Transcribe the whole listing below without changing a word, but leave out every image.

Dataset section below:

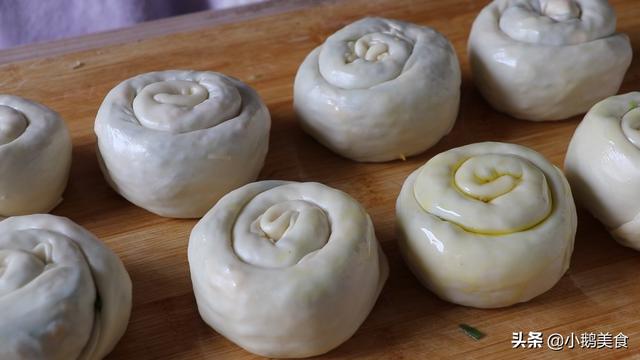 韭菜饼怎么做又软又好吃，韭菜饼怎么做松软好吃（饼又薄又软层层飘香）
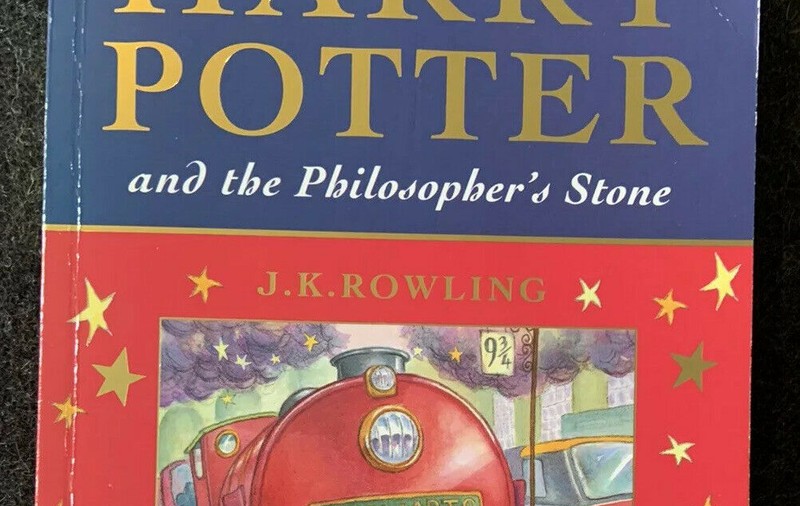 Un britanic a dat lovitura: a vândut cu 66.000 de euro un volum din seria ”Harry Potter”, cumpărat în 1997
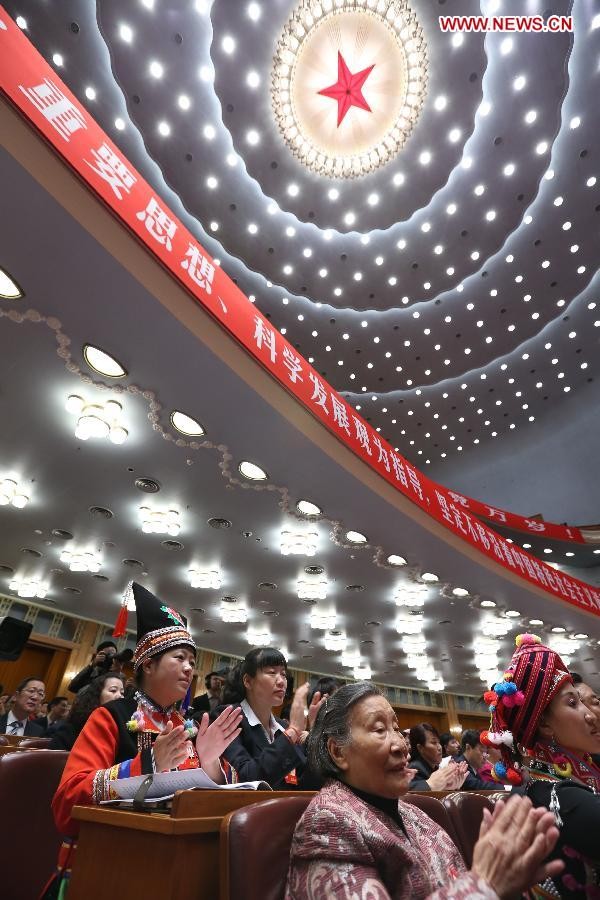 Đại biểu đảng viên các dân tộc của Trung Quốc tại lễ khai mạc đại hội 18.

End of Dataset section.

- The completed task -
 韭菜饼怎么做又软又好吃，韭菜饼怎么做松软好吃（饼又薄又软层层飘香）
 Un britanic a dat lovitura: a vândut cu 66.000 de euro un volum din seria ”Harry Potter”, cumpărat în 1997
 Đại biểu đảng viên các dân tộc của Trung Quốc tại lễ khai mạc đại hội 18.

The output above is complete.